## Assignment
Print only the lines below from the one with "The ingredients for" to the one with "Two Chandeliers", both included, exactly as they stand. Leave pictures out.

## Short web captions

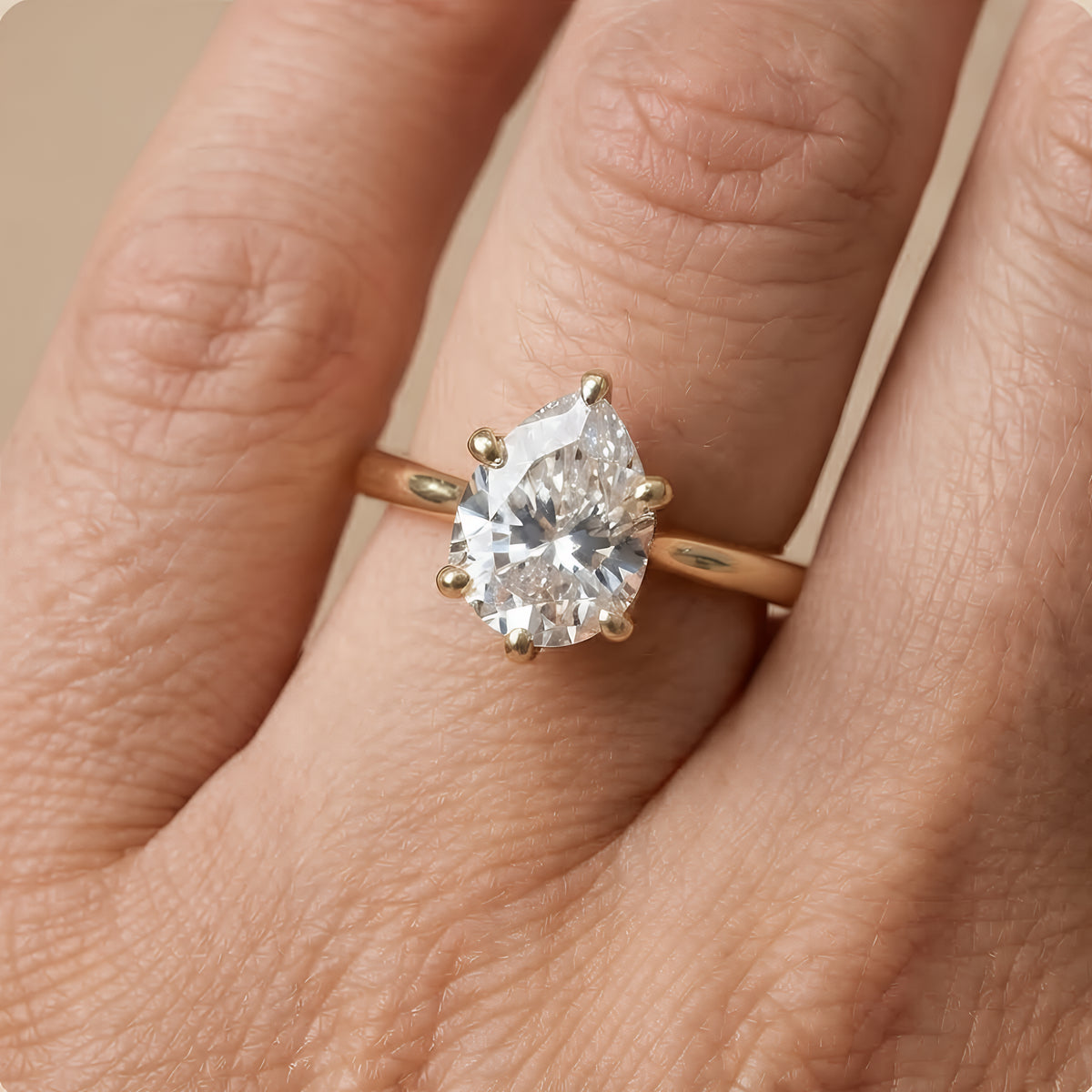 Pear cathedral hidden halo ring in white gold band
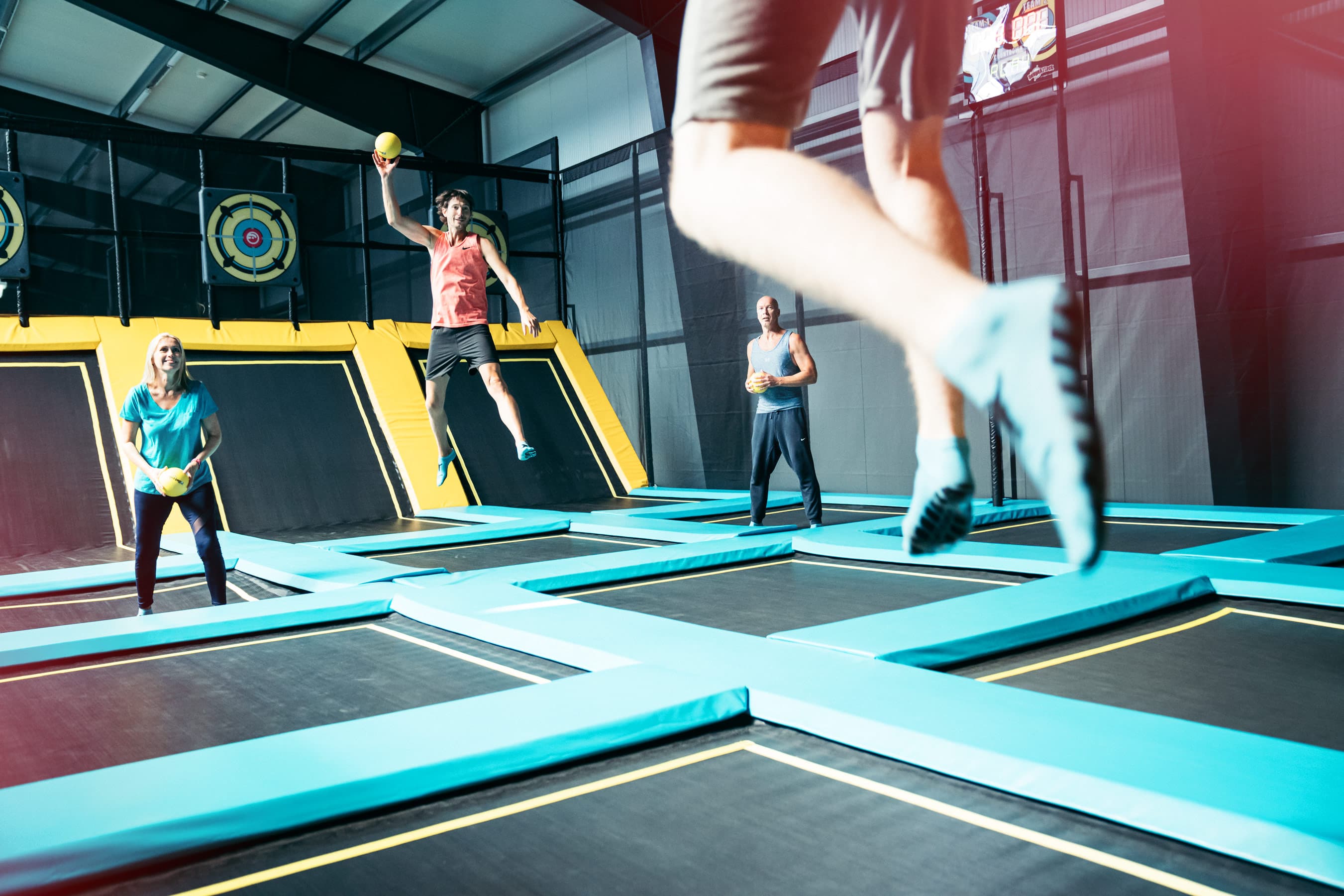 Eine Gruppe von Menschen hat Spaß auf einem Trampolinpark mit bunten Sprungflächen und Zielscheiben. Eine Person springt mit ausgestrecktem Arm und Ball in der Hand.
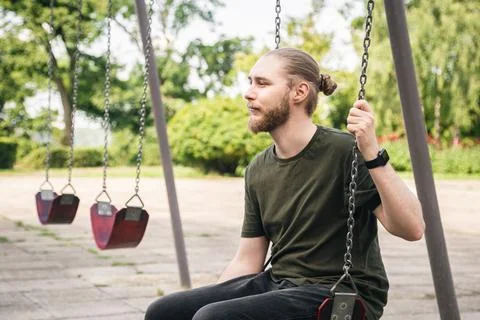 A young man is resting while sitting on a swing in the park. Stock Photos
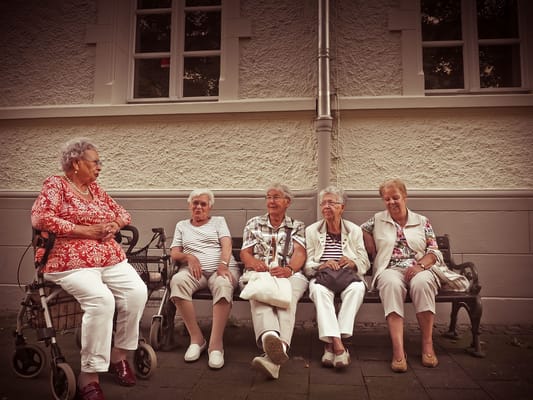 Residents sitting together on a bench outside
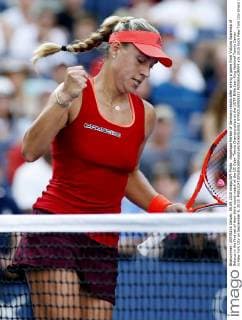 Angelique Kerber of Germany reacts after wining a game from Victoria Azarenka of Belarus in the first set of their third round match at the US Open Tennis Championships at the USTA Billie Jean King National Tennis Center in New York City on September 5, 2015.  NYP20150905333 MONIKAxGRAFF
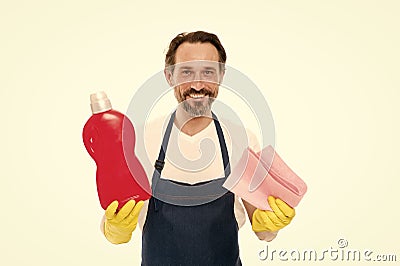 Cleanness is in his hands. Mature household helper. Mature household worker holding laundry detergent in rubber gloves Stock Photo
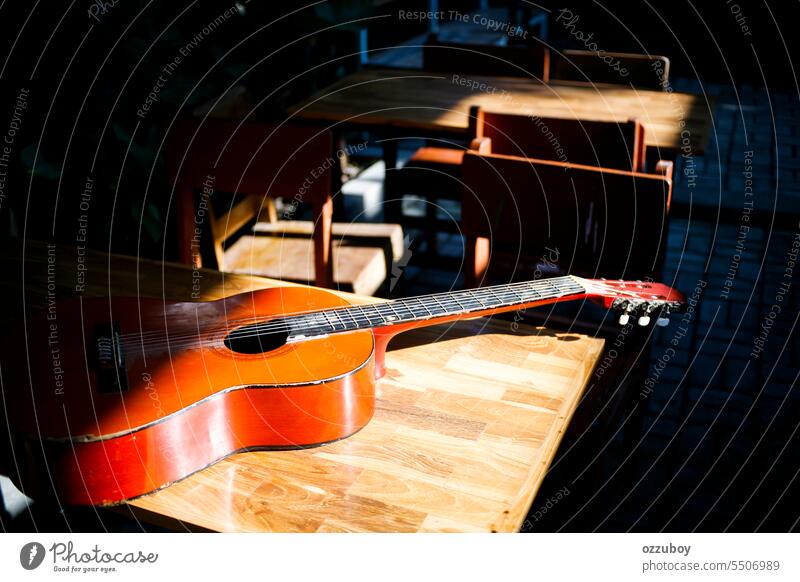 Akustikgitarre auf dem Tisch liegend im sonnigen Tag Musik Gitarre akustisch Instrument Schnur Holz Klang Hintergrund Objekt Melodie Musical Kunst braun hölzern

---

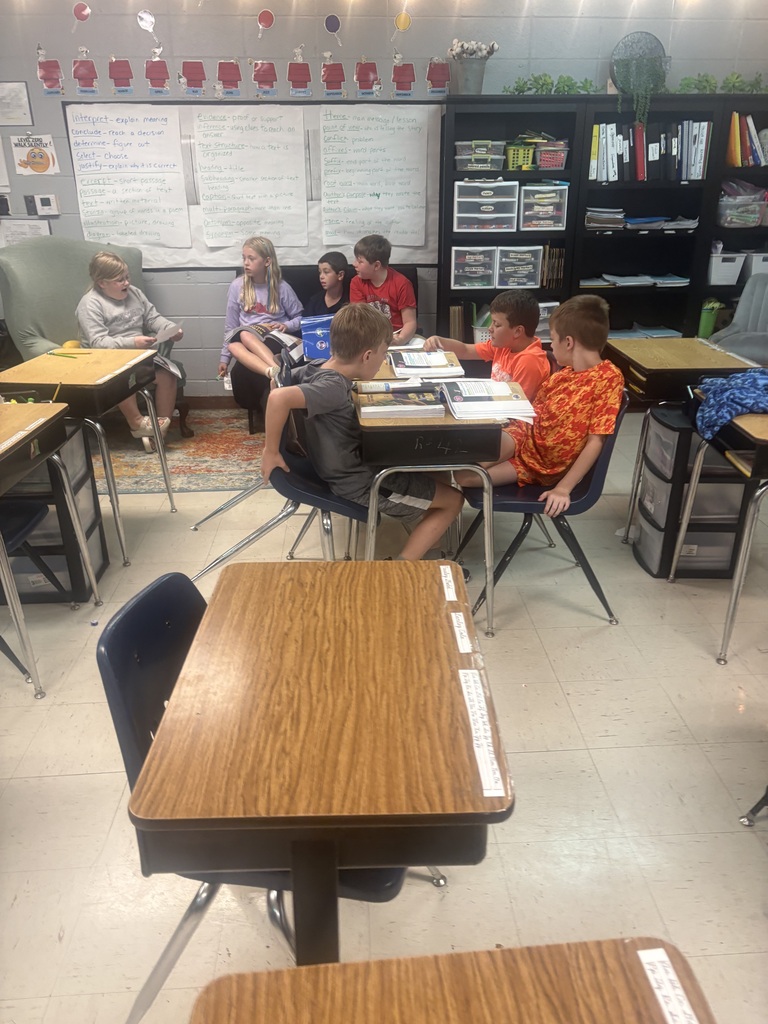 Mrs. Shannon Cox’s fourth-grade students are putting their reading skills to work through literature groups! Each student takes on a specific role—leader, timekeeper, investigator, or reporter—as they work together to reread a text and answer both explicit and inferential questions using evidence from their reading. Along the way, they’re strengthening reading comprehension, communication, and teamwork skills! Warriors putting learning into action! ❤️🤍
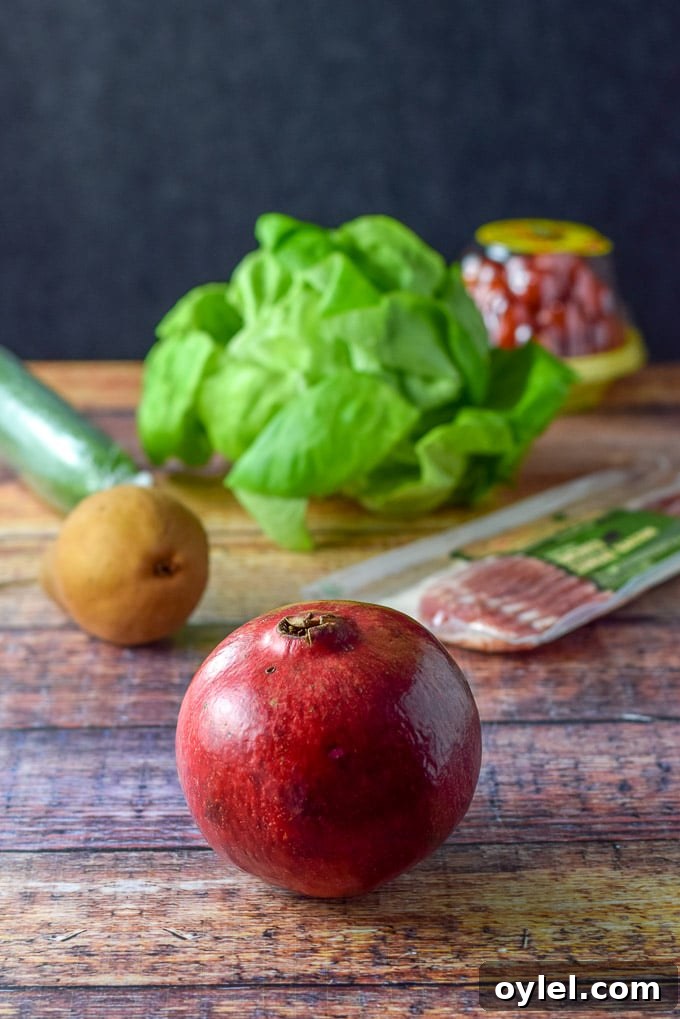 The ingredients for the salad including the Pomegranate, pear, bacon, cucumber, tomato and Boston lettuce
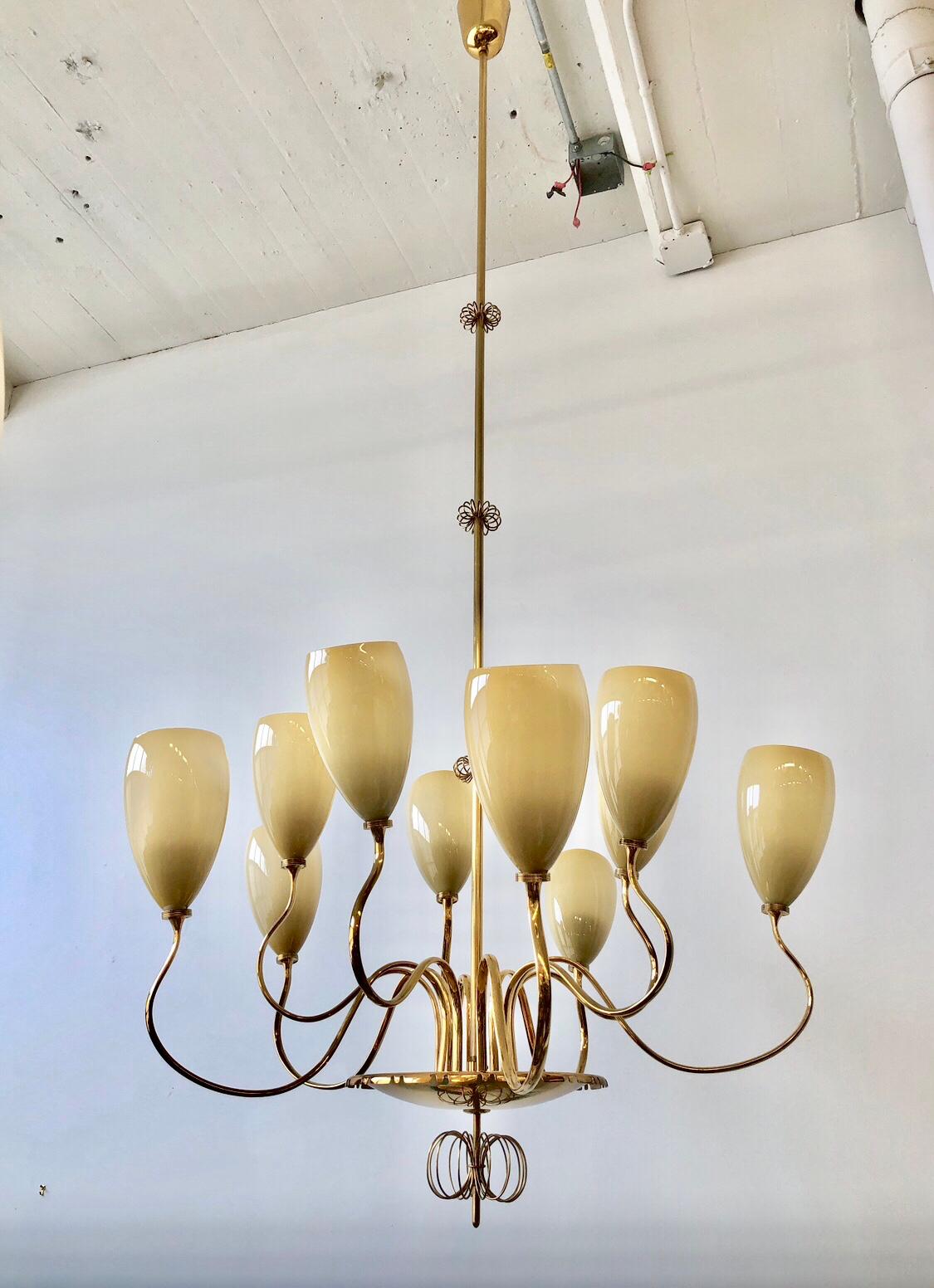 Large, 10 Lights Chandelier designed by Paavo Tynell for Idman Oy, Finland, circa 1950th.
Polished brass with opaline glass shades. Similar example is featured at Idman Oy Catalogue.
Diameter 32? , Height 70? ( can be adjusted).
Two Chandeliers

* * *

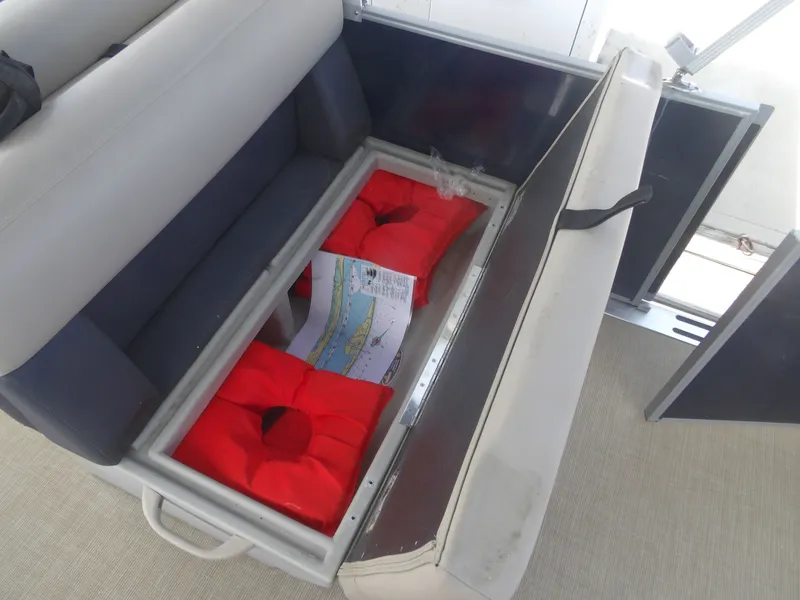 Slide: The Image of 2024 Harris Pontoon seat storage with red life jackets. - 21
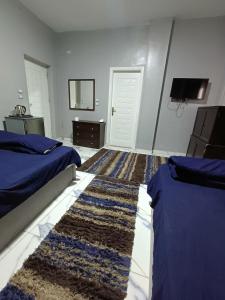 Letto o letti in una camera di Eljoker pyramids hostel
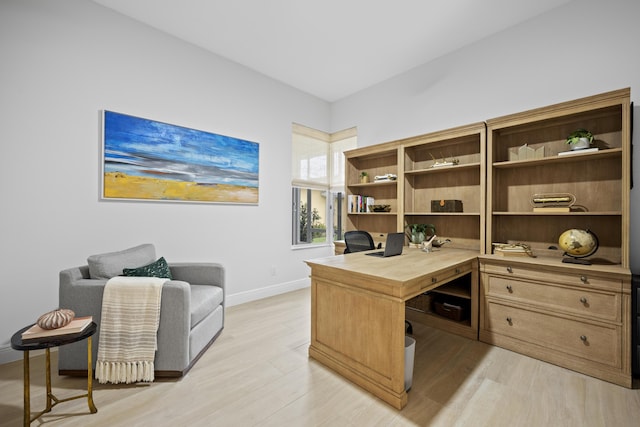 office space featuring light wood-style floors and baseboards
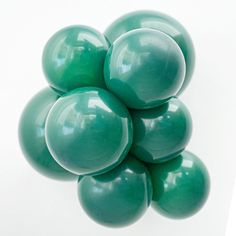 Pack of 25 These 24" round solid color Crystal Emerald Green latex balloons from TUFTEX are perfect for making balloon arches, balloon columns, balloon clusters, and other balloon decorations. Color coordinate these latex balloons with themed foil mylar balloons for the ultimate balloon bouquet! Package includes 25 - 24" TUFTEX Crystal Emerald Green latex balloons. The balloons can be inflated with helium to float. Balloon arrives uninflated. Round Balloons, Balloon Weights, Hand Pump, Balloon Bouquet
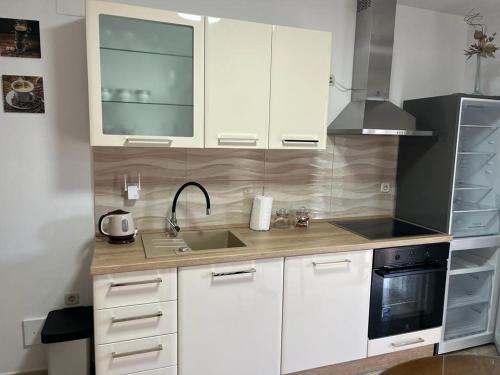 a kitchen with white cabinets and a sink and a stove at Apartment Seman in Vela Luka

## Your response
 The ingredients for the salad including the Pomegranate, pear, bacon, cucumber, tomato and Boston lettuce
 Large, 10 Lights Chandelier designed by Paavo Tynell for Idman Oy, Finland, circa 1950th.
Polished brass with opaline glass shades. Similar example is featured at Idman Oy Catalogue.
Diameter 32? , Height 70? ( can be adjusted).
Two Chandeliers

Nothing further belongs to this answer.